Jugovic, I would contact the credit card company and advise them that you are not going to get your goods delivered.  They will claim back through their merchant process and you will get your money back.  It happened to me with Rocca tiles a few years ago.


----------



## Jugovic (9 Jun 2008)

Thanks MandaC,

Do I need to do this before the creditors meeting takes place?

Thanks.


----------



## MandaC (9 Jun 2008)

Not necessarily.  But I would contact the credit card company sooner rather than later.

Untill you know for definite that you are going to get your money back by credit card, I would still pursue my claim through the company. In my case, I found out after the receiver was appointed.  I just contacted (AIB) Visa, and advised them that I was not going to get my money back or my goods delivered.  

I had to wait about a month I think it was, and they charged back the amount through the merchants terminal (if they have traded up to recently, they will not have received all their payments from VISA).  I actually wrote to the Liquidator as well, advising them of how much I was owed, in case VISA did not come up trumps, but they did.  
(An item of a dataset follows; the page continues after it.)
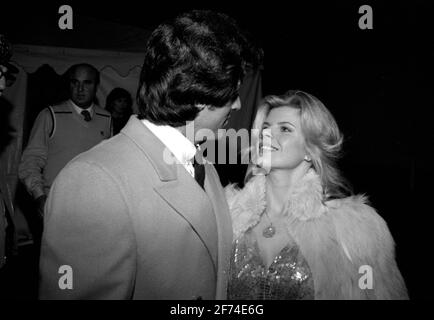 Sylvester Stallone and Sasha Czack March 31, 1982. Credit: Ralph ...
If you get paid through Credit Card, it will mean that you are not an unsecured creditor,(better for you if you do not have to go through the Liquidation process) which means they will have to adjust their accounts later on, ie their bank account will ultimately realise less, but their unsecured creditors will be less (by your amount), but that is their issue.

Credit Card Co. may try to fob you and tell you it has to go through liquidation.  I would press on them that you are disputing that transaction, ie, that you paid for goods that you havent received, and are definitely not going to receive.


----------



## Jugovic (9 Jun 2008)

Thanks MandaC,

One last question....If I returned the letter, appointing the chairman of the meeting as my representative at this meeting, would that negate me being able to get the money returned via my credit card (for example, if i got in contact next week)....


----------



## MandaC (9 Jun 2008)

In my case it was a Members Voluntary Liquidation.   However, I did contact both the Liquidator and VISA to see which would turn up trumps with my funds first.  I was owed €1200 and was broke at the time, so was going to take as many means as possible to get my few bob back.
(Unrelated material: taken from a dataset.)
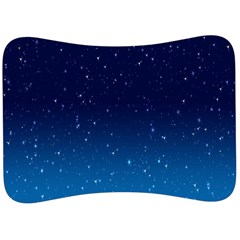 Stars-1 Velour Seat Head Rest Cushion by nateshop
Technically, at this point in time...you are owed funds by the firm, until you get your money back by VISA so you are perfectly entitled to sign your proxy form, as you are a creditor of the firm.
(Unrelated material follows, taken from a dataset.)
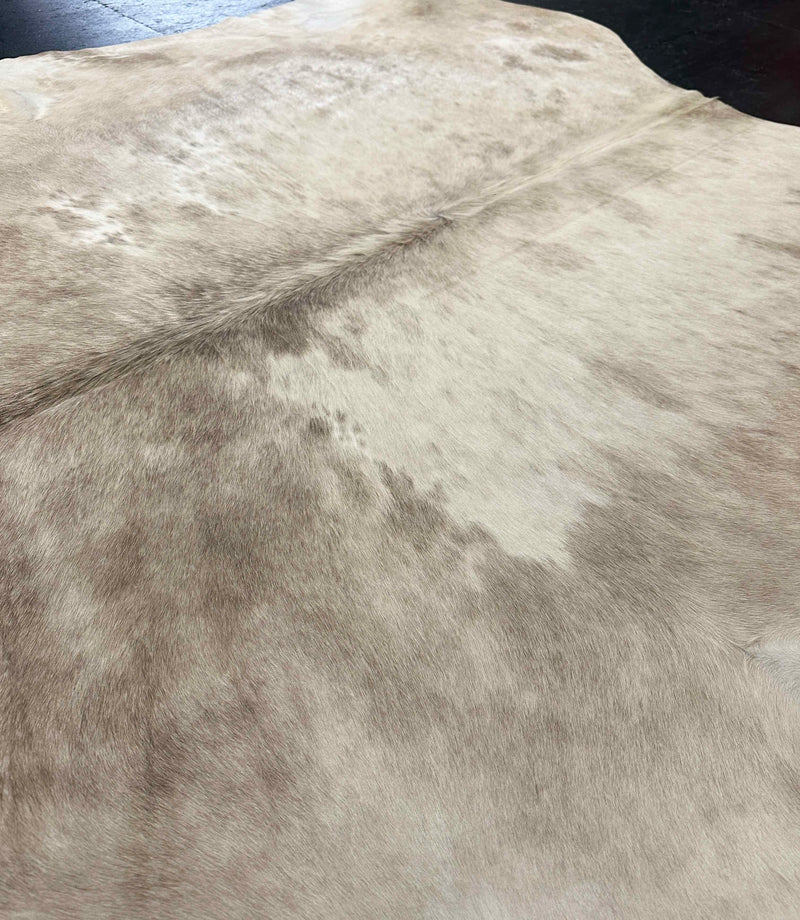 gray cowhide rug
If it turns out next week, that you receive your funds back by Credit card, then you are no longer a creditor and have no further claims against the Liquidator.


----------



## ob5 (9 Jun 2008)

hey I also had stock on order with kielys and have sent back my form nominating the chairman.  I have been in this situation before ( I know - unlucky) but I think that Kielys are genuine in their efforts to look after their customers, the idea of giving the chairman the proxy vote is so that they can prioritise their customers for credit. I asked the person I spoke to on the phone a lot of questions and they answered everyone of them quickly and straight to the point - no fobbing off.  I wouldnt be so quick to put them down, a lot of people have lost their jobs in this and these are the people that were ringing customers.  I dont believe that the staff have any reason at this stage to lie to us.  By the way I was also told that they would attempt to get the stock for customers but that if this was not possible there would be no question the customer would get a refund.


----------



## FredBloggs (10 Jun 2008)

The directors of Kielys cannot promise to give you credit or a refund once the company is in liquidation. Your status will be as unsecured creditors and you rank behind any secured and preferntial creditors.
What may be happening is that they are hoping to go back into business and are hoping to buy the liquidated business off the liquidator. But make no mistake about it - no matter what they tell you - they cannot give you any guarantees now - stock back, refunds or otherwise.


----------



## MandaC (10 Jun 2008)

In the case of Rocca Tiles, it turned out that the Directors  personally  paid for all refunds because they wanted to continue in Business elsewhere, or were Directors in other companies, which is fair enough.


----------



## ob5 (10 Jun 2008)

I have made a few phone calls regarding this this morning and it turns out that Kielys have secured all customer monies to be refunded by the liquidator once he/she is appointed.  I have checked this from a legal point of view and it appears that if they appoint the liquidator there is no reason for them not to be allowed to do this


----------



## MandaC (10 Jun 2008)

FredBloggs said:


> The directors of Kielys cannot promise to give you credit or a refund once the company is in liquidation. Your status will be as unsecured creditors and you rank behind any secured and preferntial creditors.
> What may be happening is that they are hoping to go back into business and are hoping to buy the liquidated business off the liquidator. But make no mistake about it - no matter what they tell you - they cannot give you any guarantees now - stock back, refunds or otherwise.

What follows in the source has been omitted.